Emilie Blincoe : un art satisfaisant

Par Amy Éloïse Mailloux

Parfois, des images nous amènent un sentiment de calme, de repos, une satisfaction incroyable. Ce sentiment a parfois un sens, si l’œuvre est reliée à un souvenir, par exemple. D’autres fois, les sensations émergeant en nous à l’observation d’œuvres d’art n’ont pas d’explication logique : c’est là toute la magie de l’art. Dans le cas de la photographe Emily Blincoe, on peut tout à fait comprendre les origines de ce calme envahissant, particulièrement à l’observation de sa série Arrangements. L’ayant découverte sur Instagram il y a quelques mois, j’ai décidé de faire un court portrait de cette artiste américaine.

Emily Blincoe, Drifwood (2016) et Whataburger, 2013

Emily Blincoe, Driftwood, 2016 et Whataburger, 2013
© Emily Blincoe

Inspirations locales

Née à Austin, au Texas, Emily Blincoe trouve ses sources d’inspiration dans le quotidien.

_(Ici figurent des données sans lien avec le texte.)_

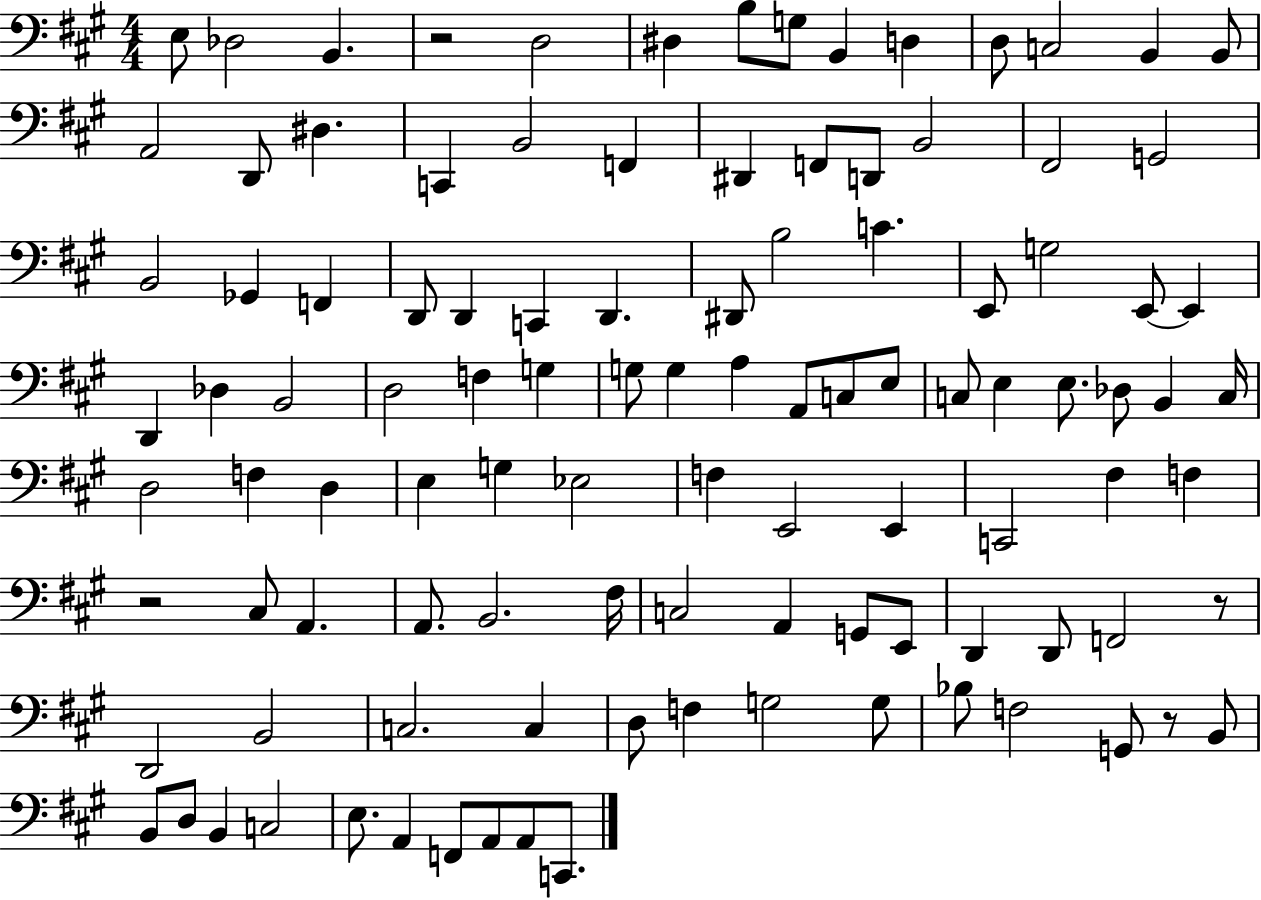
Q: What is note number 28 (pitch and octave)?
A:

On voit souvent dans ses portraits et ses clichés pris sur le vif la lumière chaude du soleil texan, des portraits de son chien Eleanor et de savoureux moments du quotidien, comme l’éclat d’un arc-en-ciel dans une paume de main ou l’éclat d’un coucher de soleil dans un champ fleuri.

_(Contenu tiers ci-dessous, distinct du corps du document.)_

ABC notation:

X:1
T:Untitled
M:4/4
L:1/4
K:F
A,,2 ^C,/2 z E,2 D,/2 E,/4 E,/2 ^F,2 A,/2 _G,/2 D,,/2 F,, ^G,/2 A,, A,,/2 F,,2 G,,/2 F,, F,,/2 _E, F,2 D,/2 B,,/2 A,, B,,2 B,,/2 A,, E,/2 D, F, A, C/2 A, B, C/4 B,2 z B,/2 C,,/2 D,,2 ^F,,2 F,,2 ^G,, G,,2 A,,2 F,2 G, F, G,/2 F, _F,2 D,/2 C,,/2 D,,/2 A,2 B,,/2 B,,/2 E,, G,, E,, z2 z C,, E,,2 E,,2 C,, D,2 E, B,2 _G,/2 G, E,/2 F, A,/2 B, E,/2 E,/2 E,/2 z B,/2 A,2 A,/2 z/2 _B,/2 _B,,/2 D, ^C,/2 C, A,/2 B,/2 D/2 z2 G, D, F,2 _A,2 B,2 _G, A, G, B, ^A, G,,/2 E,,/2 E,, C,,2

Dans Arrangements, Blincoe se prête au jeu de la classification d’objets, ayant parfois une connotation locale, par exemple lorsqu’elle photographie des bouts de bois flotté trouvés sur la plage ou encore des bonbons. L’artiste est une professionnelle de ce qu’on pourrait appeler l’organisation visuelle. Qu’ils soient classés par type, par couleur ou par grandeur, les objets qu’elle photographie m’apaisent toujours, me libérant des pensées superflues pour admirer le simple arrangement d’objets se situant devant moi.

Apaisement instantané

L’harmonie véhiculée par ces photographies tranquillise le regardant. Le fait que l’art « fait du bien » est d’actualité à Montréal depuis quelques années. En effet, plusieurs initiatives utilisant l’art comme modalité pour le mieux-être sont mises de l’avant par des organismes culturels montréalais comme le Musée des beaux-arts de Montréal et les Grands Ballets.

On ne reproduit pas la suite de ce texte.